On the domestic front, CPI inflation for Apr 2022 came in at a multi-year high (higher than expectations) of 7.79% (vs 6.95% in Mar 2022) due to higher food and fuel price inflation. Core CPI also edged higher to 7.0%. WPI inflation continued its upward trajectory clocking 15.08% in Apr 2022 (vs 14.55% in Mar 2022). Higher crude prices have continued to put pressure on inflation.
IIP for Mar 2022 remained sluggish at 1.9% (vs 1.7% in Feb 2022). Consumer durables and non-durables continued to remain in contraction. For the full year FY2022, IIP recorded an expansion of 11.3% y-o-y.
Trade deficit for Apr 2022 widened to USD 20.11 bn (vs USD 15.29 bn last year). Although exports have been robust, higher oil prices continue to put pressure on the import bill, resulting in markets now penciling in higher CAD estimates for FY2023.
PMI numbers have been encouraging with Manufacturing PMI at 54.6 and Services PMI at 58.9 in May 2022.

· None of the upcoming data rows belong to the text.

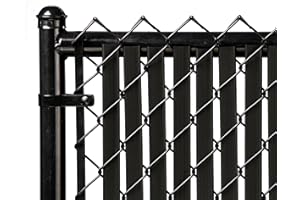 TUBE SLATS Proudly Made in The USA! - Tube Slat Double-Wall Bottom Locking Slat Depot Privacy Slat for 3', 4', 5', 6', 7' and 8' Chain Link Fence (8ft, Black)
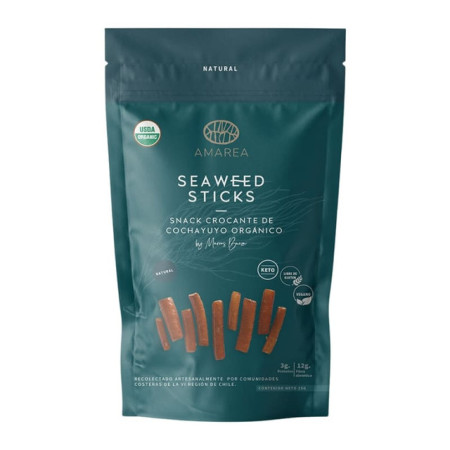 Amarea Snack Seaweed Sticks Natural Sin Gluten 25 g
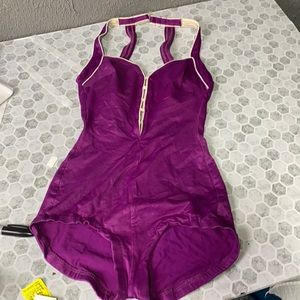 Vintage Purple One Piece Sz 11/12 Swimsuit Robby Len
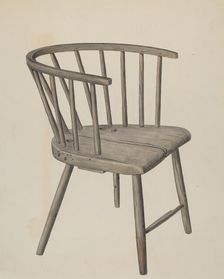 Handmade Arm Chair, c. 1937. Creator: Wilbur M Rice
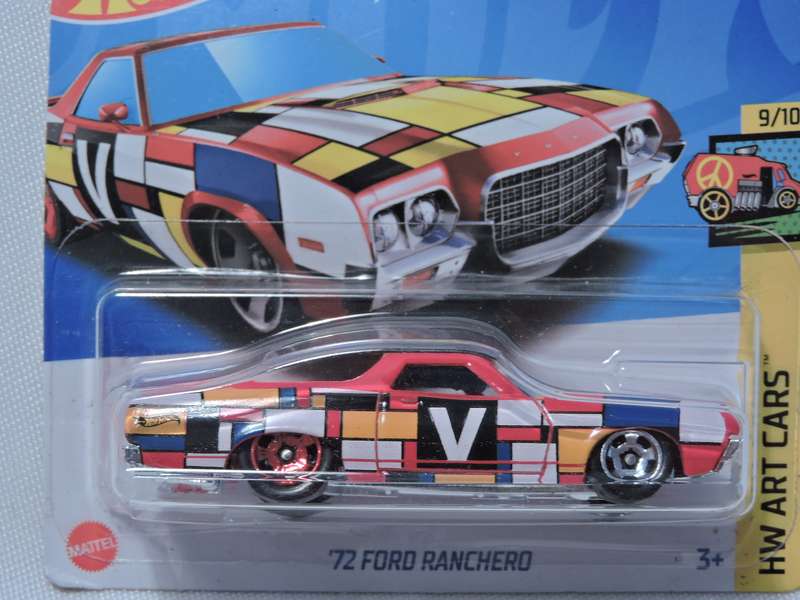 Hot Wheels FORD Ranchero Pickup Bakkie ( Multicolour )  Art Car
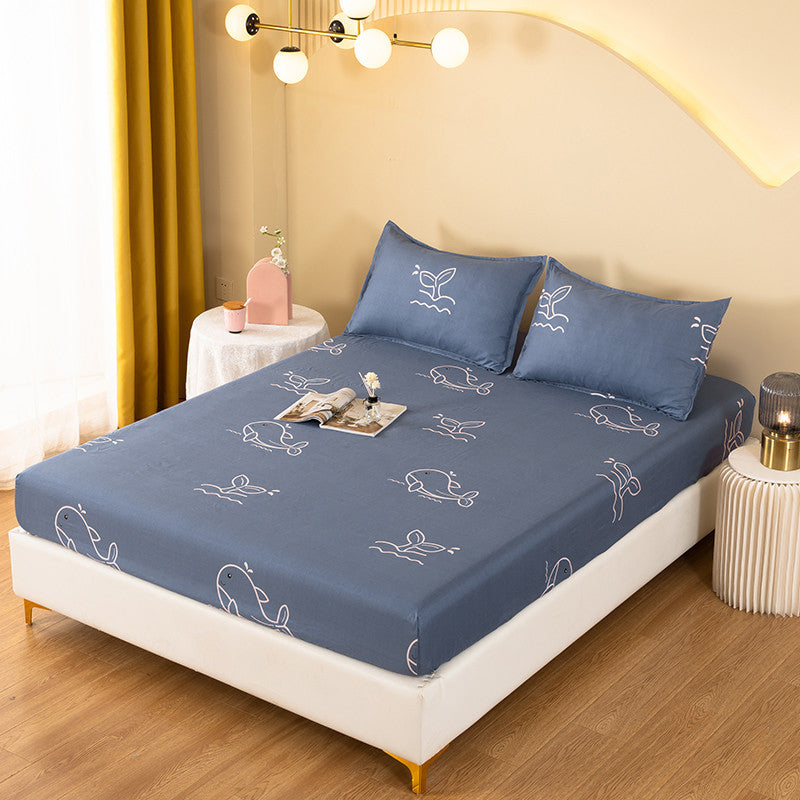 Printing fitted sheet bed cover simmons protective dust cover all-inclusive elastic bed cover that won't pill or shrink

The GDP growth for Q4 FY2022 came in at 4.1% (in line with market expectations), taking the full year GDP growth for FY2022 to 8.7%. Fiscal deficit for FY2022 came in at 6.7% of GDP (slightly below the revised Budget estimate of 6.9%).
In an attempt to tackle inflationary pressures, Government of India (GOI) reduced excise duty on petrol and diesel by INR 8/liter and INR 6/liter respectively. Some of the states followed this up with cut in state taxes. The impact of the excise cut on inflation is estimated to be around 20-30 bps and the annual revenue loss to the Government is expected to be INR 1 Lakh Cr. However, the actual revenue deficit would be lower as the impact would be spread across 10 months and would only be incremental to the excise cut already factored in the Budget. RBI announced surplus transfer to the GOI to the tune of around INR 30,000 Crs (lower than budget estimates). The Government also announced the approval of additional spending on fertilizer subsidy to the tune of INR 1.1 Lakh Crs, taking the total possible outgo to INR 2.15 Lakh Crs. Subsequently, there was also news around the subsidy number being even higher. With disinvestments lagging and food subsidy also expected to be higher, fiscal pressures have once again come to the forefront. A higher nominal GDP might partly offset the shortfall, while a cut in capital expenditure also remains a lever with the Government. However, the evolving supply-demand dynamics will remain a key monitorable going forward.